(Material shown begins)
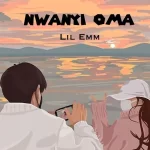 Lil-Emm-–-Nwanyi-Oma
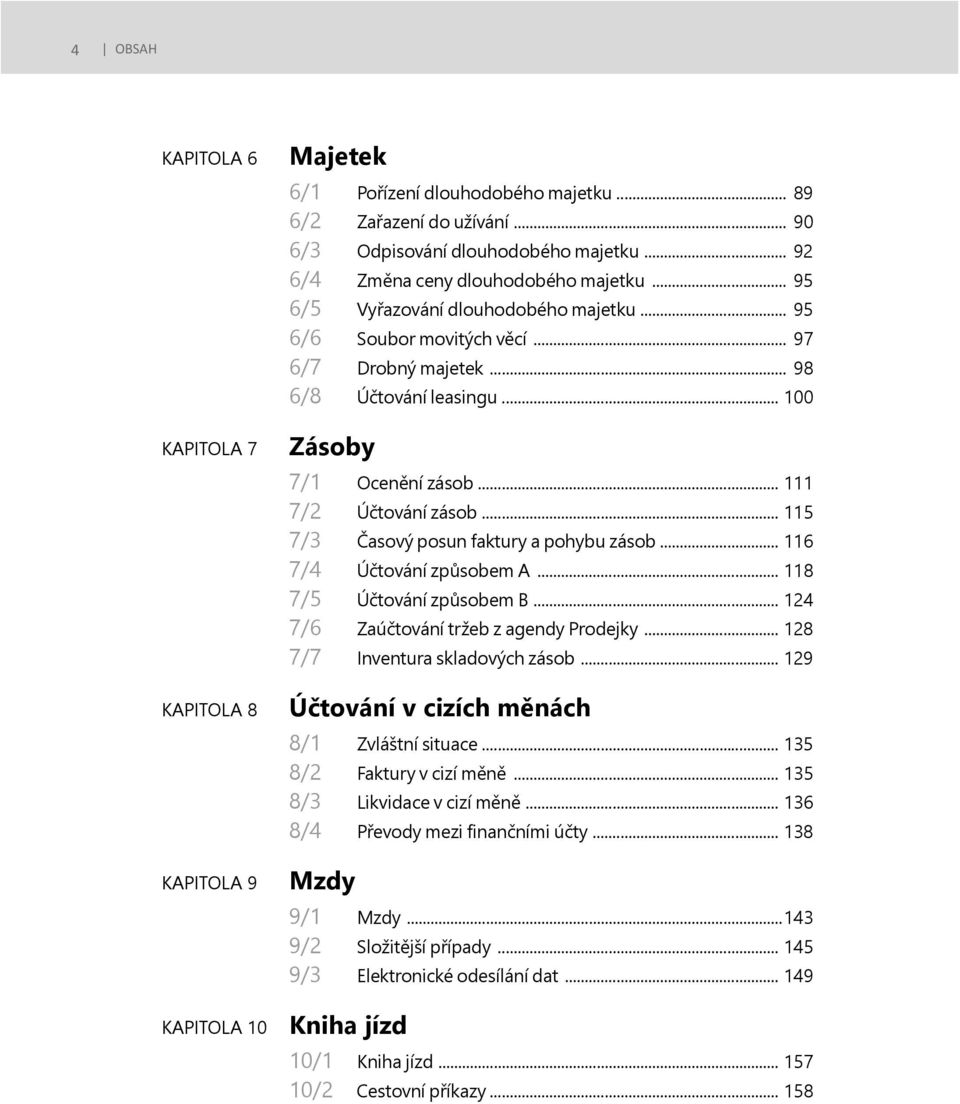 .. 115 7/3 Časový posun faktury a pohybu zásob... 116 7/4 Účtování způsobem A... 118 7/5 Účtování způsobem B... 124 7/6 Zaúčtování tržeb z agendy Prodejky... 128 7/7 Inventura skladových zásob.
(Material shown ends)
(Material shown begins)
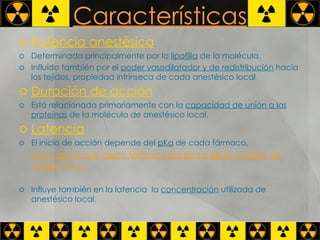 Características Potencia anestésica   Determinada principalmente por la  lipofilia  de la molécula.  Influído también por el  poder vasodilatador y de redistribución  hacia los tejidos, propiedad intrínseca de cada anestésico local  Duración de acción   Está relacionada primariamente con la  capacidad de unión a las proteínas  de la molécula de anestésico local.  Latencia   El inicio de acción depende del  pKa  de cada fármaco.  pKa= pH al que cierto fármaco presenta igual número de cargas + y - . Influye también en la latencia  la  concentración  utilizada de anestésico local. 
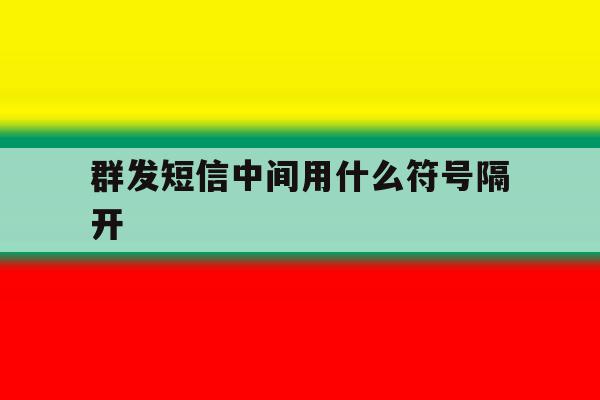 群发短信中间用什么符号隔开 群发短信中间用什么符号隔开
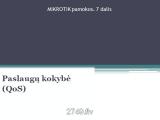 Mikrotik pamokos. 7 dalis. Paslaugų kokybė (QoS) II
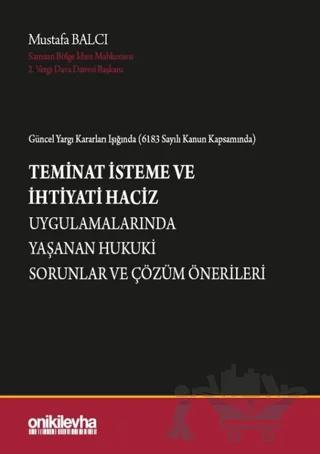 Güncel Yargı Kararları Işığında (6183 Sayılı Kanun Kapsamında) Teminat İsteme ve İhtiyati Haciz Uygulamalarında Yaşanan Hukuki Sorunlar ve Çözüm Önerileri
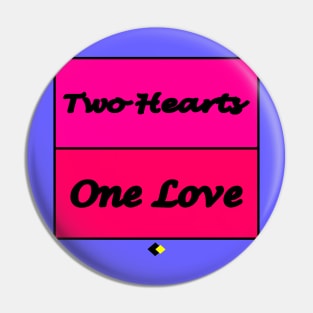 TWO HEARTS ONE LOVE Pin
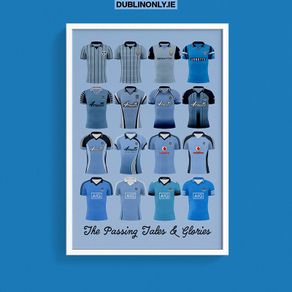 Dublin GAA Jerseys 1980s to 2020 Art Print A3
(Material shown ends)
*What is needed:*
Every line above from the one with "Lil-Emm-–-Nwanyi-Oma" down to the one with "Inventura skladových zásob." must be written out exactly, and no picture may appear.

*Reply to the exercise:*
 Lil-Emm-–-Nwanyi-Oma
 .. 115 7/3 Časový posun faktury a pohybu zásob... 116 7/4 Účtování způsobem A... 118 7/5 Účtování způsobem B... 124 7/6 Zaúčtování tržeb z agendy Prodejky... 128 7/7 Inventura skladových zásob.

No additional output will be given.